• **Extracted data**:
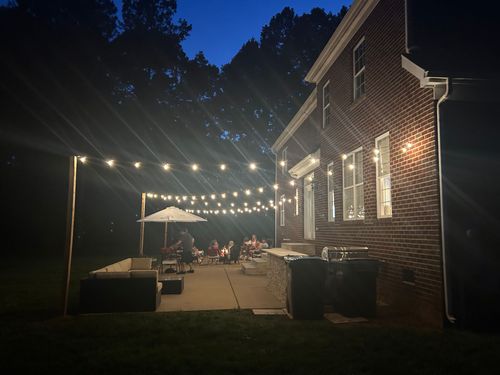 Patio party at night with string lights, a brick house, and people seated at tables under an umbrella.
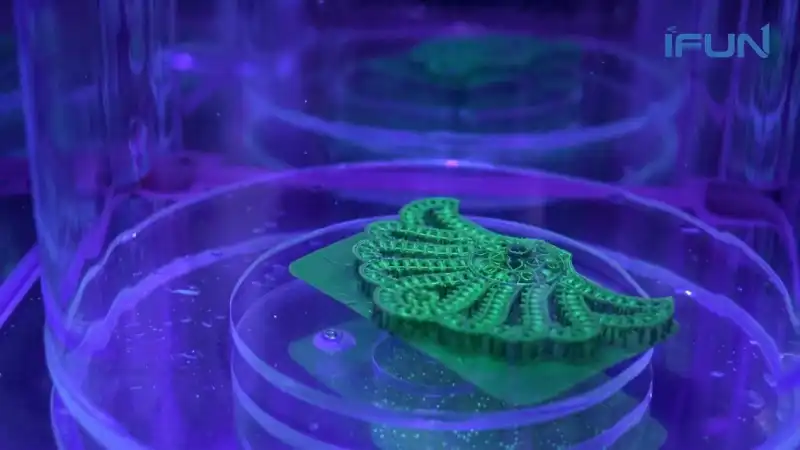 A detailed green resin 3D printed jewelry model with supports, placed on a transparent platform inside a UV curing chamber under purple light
...
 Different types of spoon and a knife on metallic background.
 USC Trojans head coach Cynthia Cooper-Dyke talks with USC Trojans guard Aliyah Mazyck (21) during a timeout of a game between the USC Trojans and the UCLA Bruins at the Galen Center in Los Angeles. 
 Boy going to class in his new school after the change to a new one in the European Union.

• **Work order**: Starting at the line that contains "Patio party at" and ending at the line that contains "A detailed green", transcribe the material above exactly, excluding pictures.

• **Solution for this task**:
 Patio party at night with string lights, a brick house, and people seated at tables under an umbrella.
 A detailed green resin 3D printed jewelry model with supports, placed on a transparent platform inside a UV curing chamber under purple light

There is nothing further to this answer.